Mit dieser CD lernte ich Nikolaus Harnoncourt kennen. Gekauft hatte ich sie, weil ich den Geiger Gidon Kremer schon gehört hatte und mochte. Ich suchte damals nach Mozarts Violinkonzerten. Und da kam diese CD mir gerade recht. Ich kaufte sie also, nicht ahnend, was da auf mich zukam.
Ich legte die CD in den Player, die Musik begann. Nach den ersten Takten war mir, als würde ich um 180 Grad gedreht. Wow, dachte ich, ist das Orchester Klasse. Das hat ja wirklich was zu sagen, das ist ja eine Person und nicht nur dazu da, den Solisten zu begleiten und nicht weiter zu stören. Ich war absolut hingerissen. Das war eine ganz andere Art Musik. War das spannend und unglaublich lebendig. Und dann das Zusammenspiel mit dem Solisten. Die spielten ja wirklich zusammen, die redeten miteinander, die hörten aufeinander. Das war eine völlig neue Erfahrung für mich.
Ich brauchte einige Zeit, bis mir aufging, dass der Dirigent auch etwas damit zu tun hatte. Und noch ein wenig länger, bis ich verstand, wen ich da entdeckt hatte. Nikolaus Harnoncourt wurde für mich der Dirigent, der lebendigste, der spannendste, der temperamentvollste, der intelligenteste, der rhythmischste – mit einem Wort, der wichtigste. Alle anderen interessierten mich vorderhand nicht mehr. Mit ihm entdeckte ich ein ganzes Universum an Musik. Er ist reines Feuer, intuitiv, intensiv, hohe Ideale und klare Erkenntnis, Gefühl und Verstand kommen bei ihm zusammen. Mit ihm geht es hinaus aufs offene Meer, da kann auch mal ein Sturm kommen, da gibt es Gefahren, das kostet etwas, viel, alles, was man zu geben hat. Aber in der Regel kommt man im sicheren Hafen wieder an. Er ist ein guter Kapitän. Man geht mit ihm nicht unter. Aber Mut muss man haben, alles wagen, so wie er.
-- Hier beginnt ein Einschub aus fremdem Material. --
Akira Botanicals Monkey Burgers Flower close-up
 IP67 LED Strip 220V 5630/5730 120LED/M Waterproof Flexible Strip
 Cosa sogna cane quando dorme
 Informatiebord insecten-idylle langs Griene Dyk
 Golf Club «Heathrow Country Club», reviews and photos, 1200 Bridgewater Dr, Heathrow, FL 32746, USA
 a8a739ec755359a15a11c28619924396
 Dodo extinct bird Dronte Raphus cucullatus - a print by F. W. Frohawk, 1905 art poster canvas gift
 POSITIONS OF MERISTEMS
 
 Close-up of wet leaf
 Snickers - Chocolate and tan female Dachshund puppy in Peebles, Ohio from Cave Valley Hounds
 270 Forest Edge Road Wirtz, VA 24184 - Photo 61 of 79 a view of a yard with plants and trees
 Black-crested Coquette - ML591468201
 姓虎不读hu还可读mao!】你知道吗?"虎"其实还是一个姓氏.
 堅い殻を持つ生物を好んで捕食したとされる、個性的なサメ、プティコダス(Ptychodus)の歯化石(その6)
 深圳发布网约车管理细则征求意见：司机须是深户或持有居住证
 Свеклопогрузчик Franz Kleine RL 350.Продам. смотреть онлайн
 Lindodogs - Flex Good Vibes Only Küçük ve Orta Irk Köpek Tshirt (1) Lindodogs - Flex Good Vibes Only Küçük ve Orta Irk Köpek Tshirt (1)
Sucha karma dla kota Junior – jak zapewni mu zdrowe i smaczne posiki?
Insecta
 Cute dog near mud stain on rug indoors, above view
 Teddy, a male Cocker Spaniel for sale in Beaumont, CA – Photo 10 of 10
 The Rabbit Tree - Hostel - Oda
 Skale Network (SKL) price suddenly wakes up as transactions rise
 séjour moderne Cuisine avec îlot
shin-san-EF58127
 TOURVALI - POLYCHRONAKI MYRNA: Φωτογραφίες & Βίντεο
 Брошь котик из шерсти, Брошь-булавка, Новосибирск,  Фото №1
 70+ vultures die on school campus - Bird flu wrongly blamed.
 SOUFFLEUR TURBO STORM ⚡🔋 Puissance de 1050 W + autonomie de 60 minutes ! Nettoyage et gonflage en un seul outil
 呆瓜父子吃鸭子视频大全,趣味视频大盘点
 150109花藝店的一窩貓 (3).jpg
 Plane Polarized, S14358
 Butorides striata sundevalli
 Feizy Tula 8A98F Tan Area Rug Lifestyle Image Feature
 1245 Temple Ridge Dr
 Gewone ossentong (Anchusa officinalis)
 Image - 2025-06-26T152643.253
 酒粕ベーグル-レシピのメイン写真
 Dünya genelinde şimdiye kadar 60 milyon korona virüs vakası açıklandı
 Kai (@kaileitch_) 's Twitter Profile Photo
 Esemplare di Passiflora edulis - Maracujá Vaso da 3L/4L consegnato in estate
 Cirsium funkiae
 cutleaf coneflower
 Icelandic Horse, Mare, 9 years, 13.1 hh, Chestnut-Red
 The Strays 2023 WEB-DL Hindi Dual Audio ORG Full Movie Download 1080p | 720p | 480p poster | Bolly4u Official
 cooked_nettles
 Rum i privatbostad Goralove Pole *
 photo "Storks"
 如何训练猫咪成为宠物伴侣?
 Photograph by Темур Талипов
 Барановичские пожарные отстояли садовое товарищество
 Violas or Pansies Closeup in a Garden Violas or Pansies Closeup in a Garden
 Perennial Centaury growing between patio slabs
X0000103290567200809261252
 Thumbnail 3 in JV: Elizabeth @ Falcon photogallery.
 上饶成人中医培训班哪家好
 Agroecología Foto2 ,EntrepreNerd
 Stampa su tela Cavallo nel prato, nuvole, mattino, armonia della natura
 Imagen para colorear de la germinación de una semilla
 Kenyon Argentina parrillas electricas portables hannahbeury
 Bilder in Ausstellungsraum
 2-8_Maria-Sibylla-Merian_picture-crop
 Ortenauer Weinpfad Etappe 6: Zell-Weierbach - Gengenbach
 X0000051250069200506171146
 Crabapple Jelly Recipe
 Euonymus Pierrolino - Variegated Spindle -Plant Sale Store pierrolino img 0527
Er geht unter die Haut. Das muss man aushalten (wollen).
Mir war, als wäre er eine Antwort auf mich selbst. Er hat es sich und anderen in seinem Leben nicht leicht gemacht, sein Verhältnis zur Musik war existenziell, Musik nicht als Genussmittel für Gourmets oder Gourmands, sondern lebenswichtig und das Gegenteil von beliebig. Da kann man anecken. Und er machte immer alles anders. Sein Mozart ist nicht der Rokoko-Rauschegold-Engel, der sich von Kronleuchter zu Kronleuchter schwingt, nicht das mehr oder weniger verrückte Wunderkind. Bei ihm darf Mozart erwachsen sein, einer, der genau weiß, was er kann und wie er es macht, Mozart, einer der größten und tiefsten Komponisten, dramatisch, traurig, heiter, verspielt, temperamentvoll und voller Lebensfreude, und neu, immer wieder neu. Das haben dann auch andere verstanden. Erst großes Theater, wie kann der nur, was macht der da, und dann machen sie ihn nach. Wie ein Kritiker das einmal ausdrückte: „Erst der leibhaftige Gottseibeiuns, und dann der heilige Nikolaus.“ So kann's gehen.